Find all the critical points of the system

$$\begin{gathered} \frac{\mathbf{d}\mathbf{x}}{\mathbf{d}\mathbf{t}}\mathbf{=}{\mathit{x}}^{\mathbf{2}}\mathbf{-}\mathbf{1} \\ \frac{\mathbf{d}\mathbf{y}}{\mathbf{d}\mathbf{t}}\mathbf{=}\mathit{x}\mathit{y} \end{gathered}$$

and the solution curves for the related phase plane differential equation. Thereby proving that two trajectories lie on semicircles. What are the endpoints of the semicircles?

Short answer

The result is

$$\begin{gathered} for y>0,\left|x\right|>1,y=e^c\sqrt{x^2-1} \\ for y>0,\left|x\right|<1,y=e^c\sqrt{1-x^2} \\ for y<0,\left|x\right|>1,y=-e^c\sqrt{x^2-1} \\ for y<0,\left|x\right|<1,y=-e^c\sqrt{1-x^2} \end{gathered}$$

And the end points are (-1,0) (1,0).

Step-by-step solution

Find critical points

For a critical point put the system equal to 0.

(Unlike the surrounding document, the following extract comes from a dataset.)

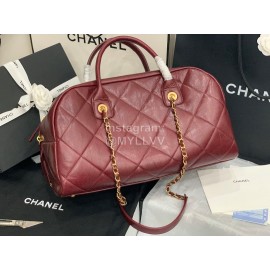 Chanel Calf Large Chain Crossbody Travelling Bag Wine Red As8396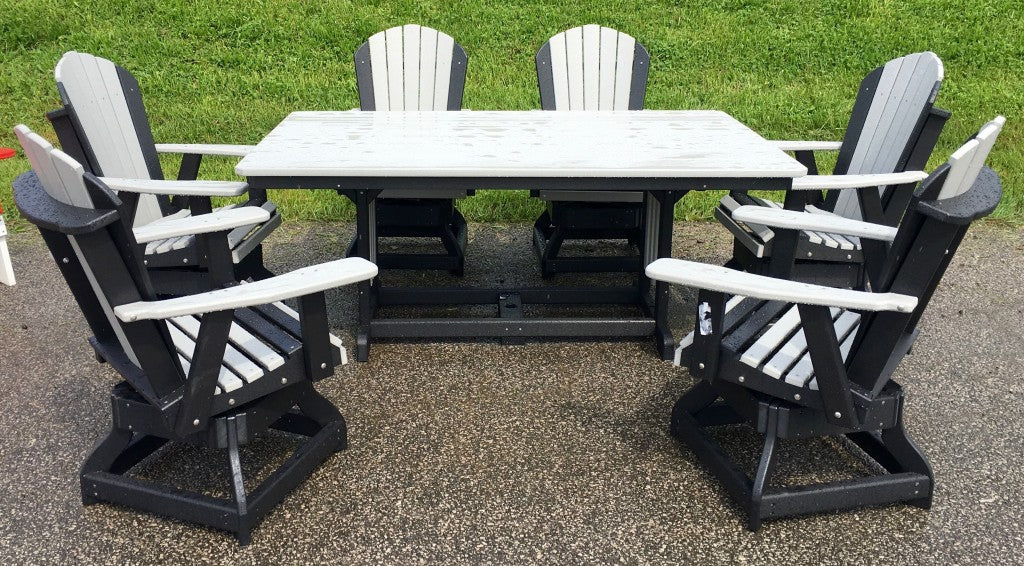 44″ x 72″ Rectangular Regular Height Table and Adirondack Swivel Chair Set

$$\begin{gathered} x^2-1=0 \\ xy=0 \\ {x}^2=1 \\ x=\pm 1 \\ y=0 \end{gathered}$$

Find the value of y

Now,

$\begin{array}{rcl}\frac{dy}{dx}& =& \frac{xy}{x^2-1}\\ \int \frac{1}{y}dy& =& \int \frac{x^2}{x^2-1}\\ \ln \left|y\right|& =& \frac{1}{2}\ln \left|t\right|+c \left(\text{bysubtitution}\right)\\ \ln \left|y\right|& =& \ln {\left|t\right|}^{\frac{1}{2}}+c\\ y& =& e^c{\left|t\right|}^{\frac{1}{2}}\\ y& =& e^c\sqrt{x^2-1}\end{array}$

Prove results that endpoints are semicircles.

Now there are two cases when y > 0 and y < 0 for both cases $x^2-1<0 \mathrm{and} x^2-1>0$then $\left|x\right|<1 and \left|x\right|>1$

$$\begin{gathered} fory>0,\left|x\right|>1,y=e^c\sqrt{x^2-1} \\ fory>0,\left|x\right|<1,y=e^c\sqrt{1-x^2} \\ fory<0,\left|x\right|>1,y=-e^c\sqrt{x^2-1} \\ fory<0,\left|x\right|<1,y=-e^c\sqrt{1-x^2} \end{gathered}$$

The trajectories that possibly lie on semicircles. If we square the equation then

$y^2=e^{2c}(1-x^2)$

This will be the equation of circle only if ${\mathit{e}}^{\mathbf{2}\mathbf{c}}\mathbf{=}\mathbf{1}$. Therefore, only two solutions lie on the semicircle, $\mathit{y}\mathbf{=}\sqrt{{\mathbf{x}}^{\mathbf{2}}\mathbf{-}\mathbf{1}}\mathbf{,}\mathit{y}\mathbf{=}\mathbf{-}\sqrt{{\mathbf{x}}^{\mathbf{2}}\mathbf{-}\mathbf{1}}$.

Therefore, it is a circle of radius 1 center at origin the endpoints are$\left(-1,0\right), \left(1,0\right)$.